**DATA:**
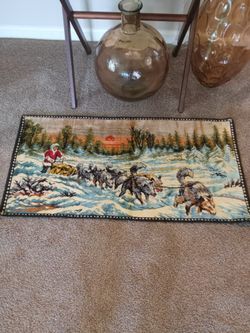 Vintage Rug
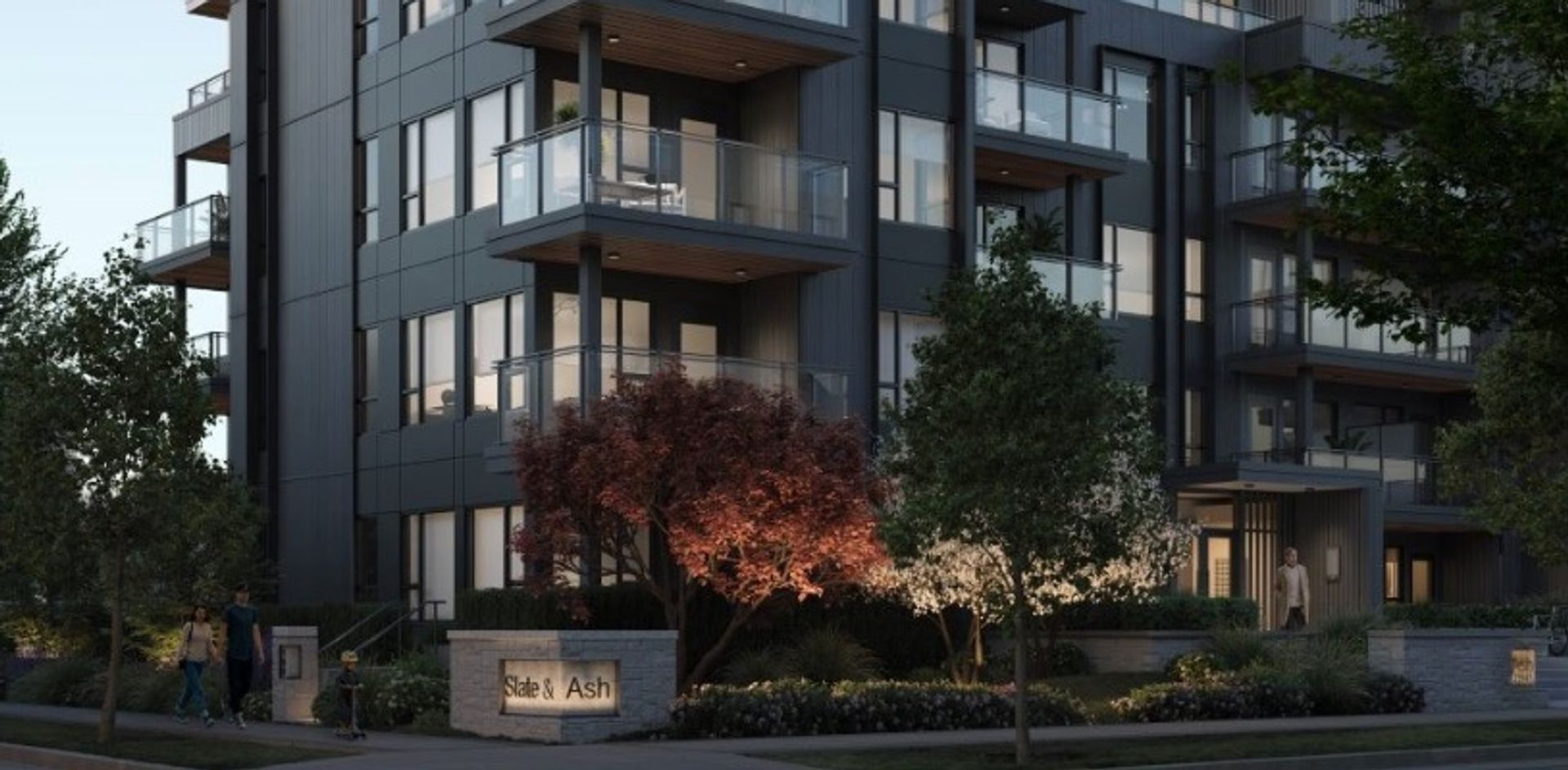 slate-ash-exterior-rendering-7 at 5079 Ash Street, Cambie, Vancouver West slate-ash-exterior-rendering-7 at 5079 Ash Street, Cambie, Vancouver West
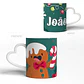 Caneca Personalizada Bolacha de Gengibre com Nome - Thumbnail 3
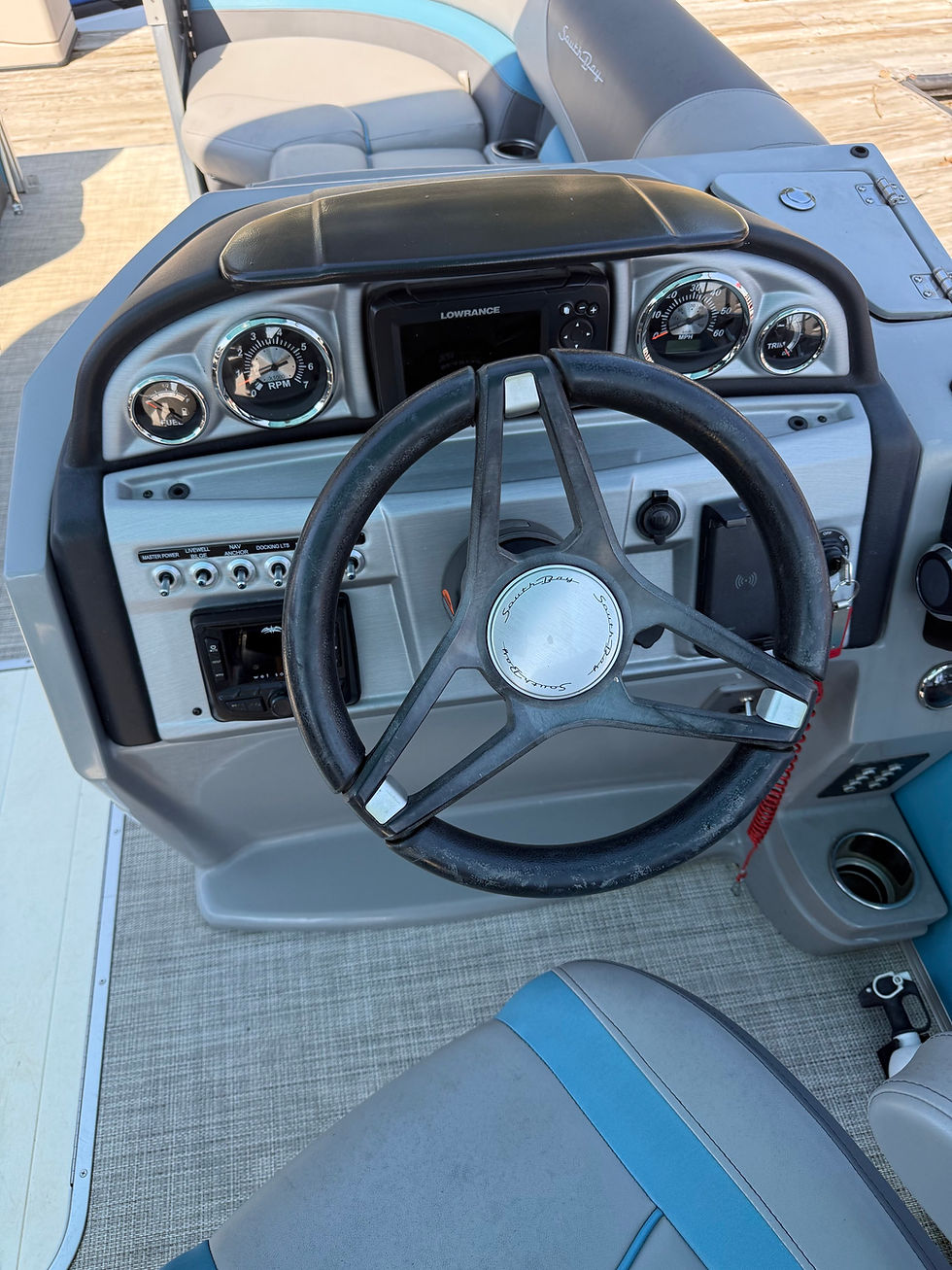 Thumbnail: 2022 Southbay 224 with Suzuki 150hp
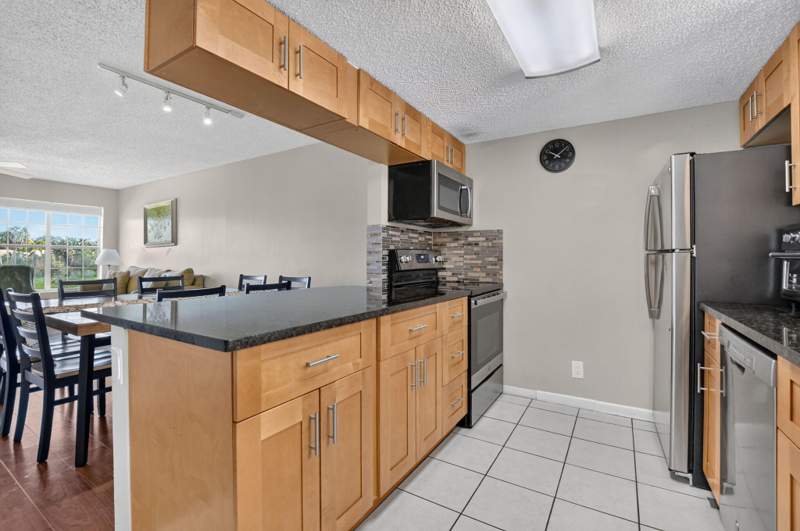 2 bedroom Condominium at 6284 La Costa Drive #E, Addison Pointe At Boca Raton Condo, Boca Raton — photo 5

**WORK TASK:**
Take the listing above and restate it word for word, without its pictures.

**SOLUTION TO THIS TASK:**
 Vintage Rug
 slate-ash-exterior-rendering-7 at 5079 Ash Street, Cambie, Vancouver West slate-ash-exterior-rendering-7 at 5079 Ash Street, Cambie, Vancouver West
 Caneca Personalizada Bolacha de Gengibre com Nome - Thumbnail 3
 Thumbnail: 2022 Southbay 224 with Suzuki 150hp
 2 bedroom Condominium at 6284 La Costa Drive #E, Addison Pointe At Boca Raton Condo, Boca Raton — photo 5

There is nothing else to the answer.